EXERCISE AIM -> For the entries below, repeat exactly each line starting with the one that contains "1+1 me qira te Mine Peza" and going on through the one that contains "ほぼ未使用　ZARA ブーツ38(24.5)★辻堂まで！の画像", and no others.

EXCERPTED RECORDS ->
══════
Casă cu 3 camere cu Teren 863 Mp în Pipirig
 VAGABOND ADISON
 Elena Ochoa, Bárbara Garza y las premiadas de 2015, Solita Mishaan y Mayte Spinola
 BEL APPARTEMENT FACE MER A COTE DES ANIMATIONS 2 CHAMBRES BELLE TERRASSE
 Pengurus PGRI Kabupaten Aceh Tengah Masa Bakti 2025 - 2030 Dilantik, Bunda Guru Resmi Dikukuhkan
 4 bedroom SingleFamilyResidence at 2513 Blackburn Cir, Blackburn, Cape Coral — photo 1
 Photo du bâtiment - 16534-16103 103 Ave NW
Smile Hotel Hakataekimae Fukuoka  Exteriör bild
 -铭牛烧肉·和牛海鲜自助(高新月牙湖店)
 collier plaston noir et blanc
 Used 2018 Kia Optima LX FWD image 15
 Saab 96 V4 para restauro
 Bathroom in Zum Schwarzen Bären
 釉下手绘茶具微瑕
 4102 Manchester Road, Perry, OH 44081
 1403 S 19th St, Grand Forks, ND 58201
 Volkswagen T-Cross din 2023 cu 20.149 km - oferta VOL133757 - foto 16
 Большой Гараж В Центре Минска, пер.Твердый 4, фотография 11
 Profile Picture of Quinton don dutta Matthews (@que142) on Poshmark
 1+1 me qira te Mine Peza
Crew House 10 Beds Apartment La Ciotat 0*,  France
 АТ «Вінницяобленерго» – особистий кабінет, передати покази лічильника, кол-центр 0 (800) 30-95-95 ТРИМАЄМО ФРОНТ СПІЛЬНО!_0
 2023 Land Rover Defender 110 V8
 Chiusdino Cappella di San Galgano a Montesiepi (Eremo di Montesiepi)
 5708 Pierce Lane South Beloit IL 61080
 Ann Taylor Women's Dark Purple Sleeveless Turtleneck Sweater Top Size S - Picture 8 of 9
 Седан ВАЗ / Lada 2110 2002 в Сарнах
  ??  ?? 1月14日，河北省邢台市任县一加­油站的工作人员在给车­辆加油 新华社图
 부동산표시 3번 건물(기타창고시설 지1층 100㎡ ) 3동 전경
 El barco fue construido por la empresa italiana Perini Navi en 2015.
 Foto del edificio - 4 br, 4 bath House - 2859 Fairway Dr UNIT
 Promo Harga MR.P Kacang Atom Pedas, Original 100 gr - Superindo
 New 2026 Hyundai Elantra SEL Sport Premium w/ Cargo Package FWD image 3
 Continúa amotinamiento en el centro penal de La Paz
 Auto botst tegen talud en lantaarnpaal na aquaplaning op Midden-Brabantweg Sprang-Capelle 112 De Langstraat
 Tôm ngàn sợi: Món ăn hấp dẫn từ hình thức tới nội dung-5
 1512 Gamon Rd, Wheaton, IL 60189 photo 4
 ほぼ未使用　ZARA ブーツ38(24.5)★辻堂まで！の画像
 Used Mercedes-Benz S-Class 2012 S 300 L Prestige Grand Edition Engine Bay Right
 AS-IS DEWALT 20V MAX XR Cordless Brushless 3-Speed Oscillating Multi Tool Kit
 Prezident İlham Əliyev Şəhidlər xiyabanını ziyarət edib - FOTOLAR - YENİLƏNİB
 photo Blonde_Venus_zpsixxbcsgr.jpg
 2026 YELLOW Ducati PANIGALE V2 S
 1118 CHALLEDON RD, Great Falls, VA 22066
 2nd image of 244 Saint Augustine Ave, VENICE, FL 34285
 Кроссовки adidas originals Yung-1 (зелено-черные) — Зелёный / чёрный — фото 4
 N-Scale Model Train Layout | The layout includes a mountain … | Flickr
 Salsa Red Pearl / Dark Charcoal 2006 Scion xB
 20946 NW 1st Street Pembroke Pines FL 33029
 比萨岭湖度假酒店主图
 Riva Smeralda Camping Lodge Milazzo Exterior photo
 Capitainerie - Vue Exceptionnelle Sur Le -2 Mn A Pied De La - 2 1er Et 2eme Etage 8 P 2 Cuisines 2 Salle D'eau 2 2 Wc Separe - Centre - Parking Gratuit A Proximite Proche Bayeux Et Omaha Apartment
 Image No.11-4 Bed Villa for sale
══════
EXERCISE RESULT ->
 1+1 me qira te Mine Peza
Crew House 10 Beds Apartment La Ciotat 0*,  France
 АТ «Вінницяобленерго» – особистий кабінет, передати покази лічильника, кол-центр 0 (800) 30-95-95 ТРИМАЄМО ФРОНТ СПІЛЬНО!_0
 2023 Land Rover Defender 110 V8
 Chiusdino Cappella di San Galgano a Montesiepi (Eremo di Montesiepi)
 5708 Pierce Lane South Beloit IL 61080
 Ann Taylor Women's Dark Purple Sleeveless Turtleneck Sweater Top Size S - Picture 8 of 9
 Седан ВАЗ / Lada 2110 2002 в Сарнах
  ??  ?? 1月14日，河北省邢台市任县一加­油站的工作人员在给车­辆加油 新华社图
 부동산표시 3번 건물(기타창고시설 지1층 100㎡ ) 3동 전경
 El barco fue construido por la empresa italiana Perini Navi en 2015.
 Foto del edificio - 4 br, 4 bath House - 2859 Fairway Dr UNIT
 Promo Harga MR.P Kacang Atom Pedas, Original 100 gr - Superindo
 New 2026 Hyundai Elantra SEL Sport Premium w/ Cargo Package FWD image 3
 Continúa amotinamiento en el centro penal de La Paz
 Auto botst tegen talud en lantaarnpaal na aquaplaning op Midden-Brabantweg Sprang-Capelle 112 De Langstraat
 Tôm ngàn sợi: Món ăn hấp dẫn từ hình thức tới nội dung-5
 1512 Gamon Rd, Wheaton, IL 60189 photo 4
 ほぼ未使用　ZARA ブーツ38(24.5)★辻堂まで！の画像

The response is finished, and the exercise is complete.